The Morskie Oko is a rustically furnished restaurant with lots of wood in the interior and even more meat on the menu. Somewhat daunted by the predominance of cabbage and meat on the menu, we asked for a recommendation. We decided on the national dish: sauerkraut and white cabbage casserole –
with a variety of meats. However, we extended this starter with marinated herring in oil, and we rounded off our meal with a meat platter for two. But we decidedly overdid things! We needed the Polish national drink – vodka – to settle our stomachs before we set off back for our apartment.
Coffee and "beygl".
We started our second day in Krakow with coffee and bagels. This is where one of the many legends comes into the fray. Back in the 17th century, the "beygl" was given to midwives and women in childbed because it was believed to bring good luck. Strengthened with this information, we swallowed down the bagels and went off to "Idea Fix". It is a concept store that only sells products by Polish designers. The store is situated in the old Jewish district of Krakow, the "Kazimierz". About 100 designers from all genres are represented in the store, and it is astonishing how big the selection is. It was not easy deciding what to take. However, we had to do it, and quite honestly, there are much worse tasks. After we had filled our shopping bags, we set off again and headed for another of Poland's institutions – the milk bars.

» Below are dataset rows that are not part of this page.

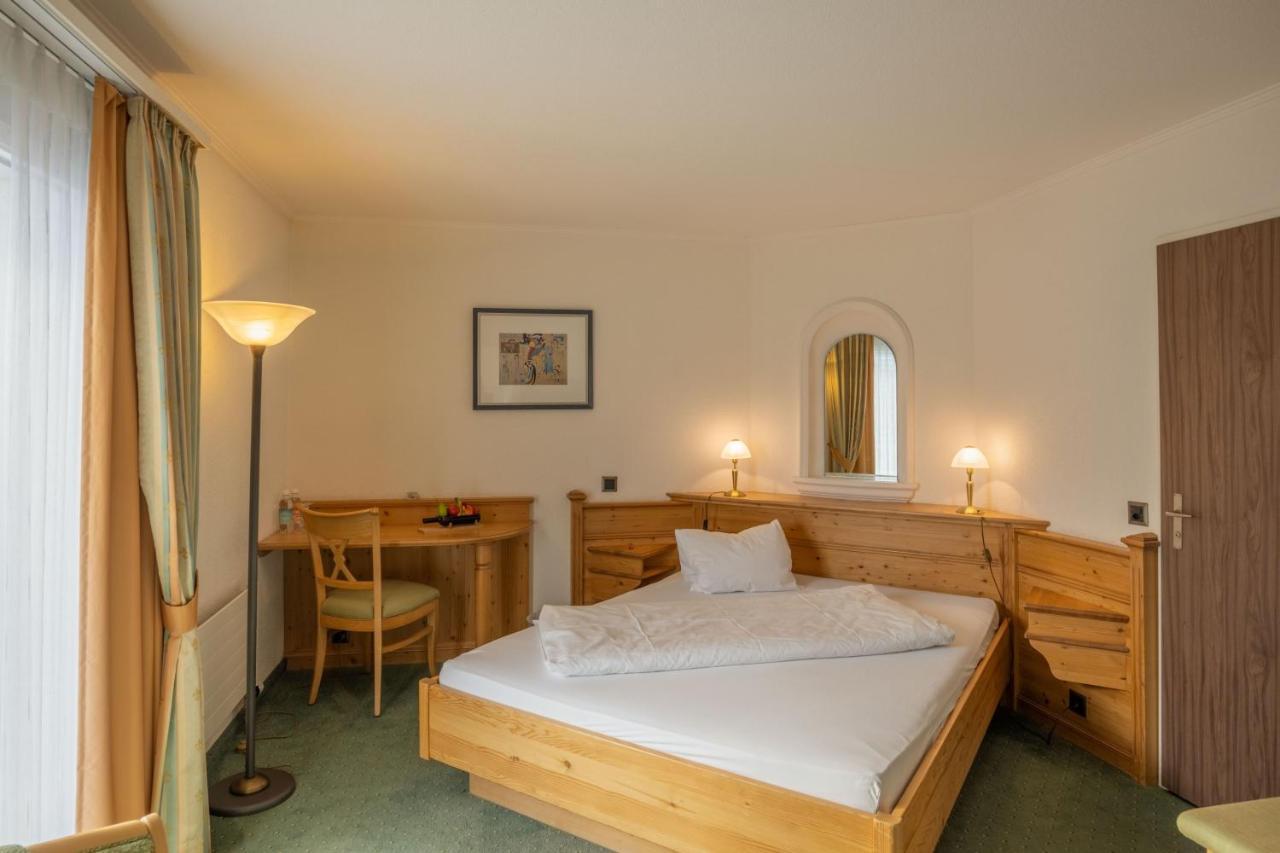 Doppelzimmer mit Queensize-Bett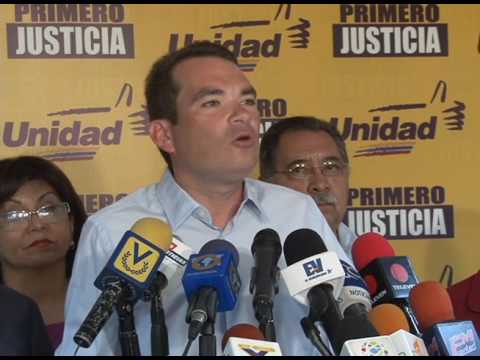 Tomas Guanipa: El mejor regalo por el aniversario de Caracas es la activación del Referendo Revocatorio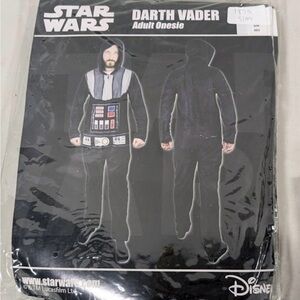 Star Wars Darth Vader Adult Onesie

Showplace of Cracovian legends.
Their name comes from a time when these widespread self-service restaurants mainly offered food made from milk, dairy products and vegetarian dishes, above all fast and at a reasonable price. A group of English people recommended we try either lentils or the mushroom soup with noodles and meatballs. We ordered and enjoyed our food. After the meal, we wanted to visit a very special place. We could not leave Krakow without having been to the Wawel. It is the most famous city landmark. The former residence of the Polish monarchs is situated on a hill above the Vistula. Together with the Old Town of Krakow, it is a UNESCO World Heritage site. How could it not be, as Wawel hill and the castle are the scene of Cracovian legends? For example, it is said that long ago a dragon was
said to have lived on this hill which was later outwitted and killed by a knight called Sir Krak. After that day, the town of Krak was founded on the hill – in memory of the brave knight.
On the other side
of the Vistula.
Hanging in chains at the entrance to the cathedral are the remains of a whale, a mammoth and a rhinoceros. They were found on the banks of the Vistula in the 12th century. The inhabitants of the town thought they were a giant's bones, attributed magic powers to them and hung them up to protect the cathedral from evil spirits. The story this far is believable. However, the legend says that the end of the world will come as soon as the bones fall to the ground. When we visited them, everything looked fine, and the bones were still hanging there, so we happily went home again. Whether legends, holy places, meaty meals or design shops – Poland's secret capital has a great deal to offer and is definitely worth a journey. We will come again, preferably to see the Sausage Dog Parade.